Mentre si discute del futuro delle comunità insulari, delle loro criticità e delle possibili strategie di sviluppo, il protocollo operativo Aeolus, nato proprio per rispondere ad alcune delle principali esigenze delle piccole isole, continua a non aver ricevuto alcuna valutazione tecnica da parte della Regione Toscana.

Aeolus è un protocollo operativo sviluppato secondo i principi One Health e concepito per rafforzare le attività di prevenzione, monitoraggio e risposta alle emergenze che coinvolgono persone, animali e ambiente nelle comunità insulari.

L’iniziativa nasce dalla Carta di Favignana promossa dall’Associazione Nazionale Sanitaria Isole Minori (ANSPI), è stata sviluppata con il contributo di partner italiani ed europei e prevedeva una sperimentazione pilota proprio in una piccola isola dell’Arcipelago Toscano: Capraia.

Negli ultimi mesi Vertiports Enterprise Ltd ha trasmesso più volte la documentazione relativa al protocollo operativo Aeolus all’Assessore alla Sanita’ della Regione Toscana che tra l’altro e’ l’ex Assessore all’Ambiente sempre della Regione Toscana, richiedendo incontri e approfondimenti tecnici.

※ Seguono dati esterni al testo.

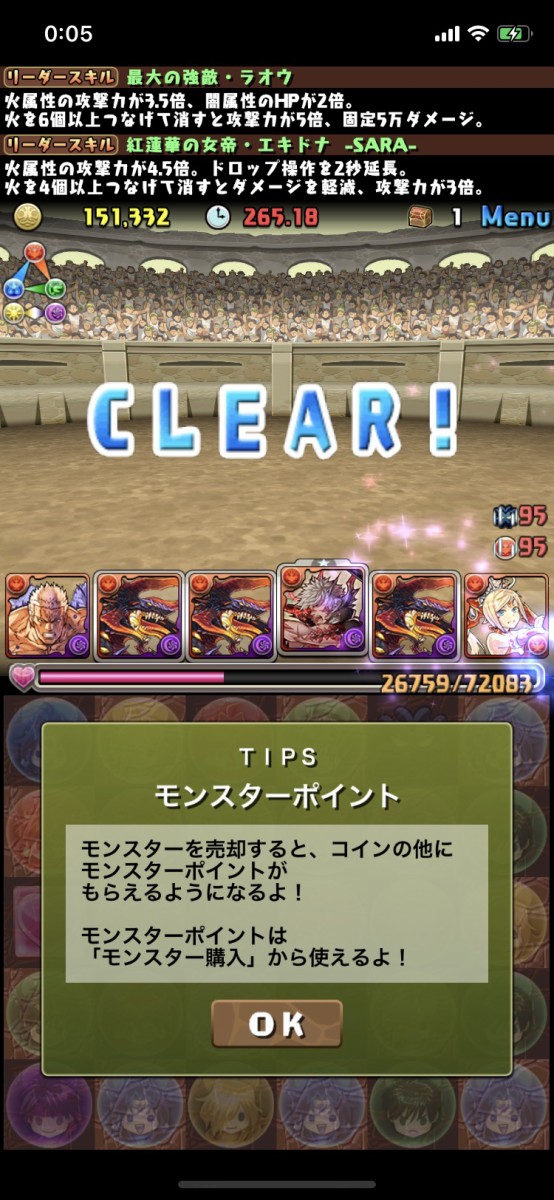 パズドラ 週末チャレンジ 開幕ｷﾀ ﾟ ﾟ ｯ 反応まとめ パズドラ速報 パズル ドラゴンズまとめ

Nei giorni scorsi la società ha inoltre formalmente invitato la Regione Toscana a formulare eventuali osservazioni prima della diffusione di un comunicato stampa destinato alla stampa italiana ed europea.

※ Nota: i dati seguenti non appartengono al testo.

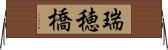 瑞穂橋 Horizontal Wall Scroll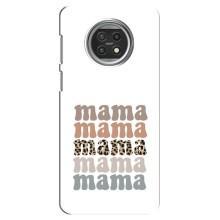 Чехлы для мамы на Xiaomi Mi 10t Lite – Мама коллаж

Alla data di pubblicazione del presente documento non era pervenuto alcun riscontro.

Nel frattempo il protocollo operativo Aeolus è stato presentato attraverso un comunicato stampa diffuso a livello europeo, evidenziando la sua coerenza con la recente Strategia Europea per le Isole e con i principi One Health sempre più adottati da istituzioni regionali, nazionali e internazionali.

Particolarmente significativo appare il fatto che Aeolus abbia già raccolto contributi e manifestazioni di interesse provenienti da realtà insulari europee che condividono problematiche analoghe a quelle presenti nelle piccole isole italiane.

L’obiettivo della sperimentazione pilota prevista nell’Arcipelago Toscano era infatti quello di validare un protocollo operativo successivamente replicabile in altre comunità insulari europee interessate ad adottare strumenti innovativi per la tutela della salute, dell’ambiente e della sicurezza territoriale.

Ciò rende ancora più difficile comprendere l’assenza di una valutazione da parte della Regione Toscana, individuata fin dall’inizio come possibile interlocutore istituzionale per l’avvio della fase sperimentale.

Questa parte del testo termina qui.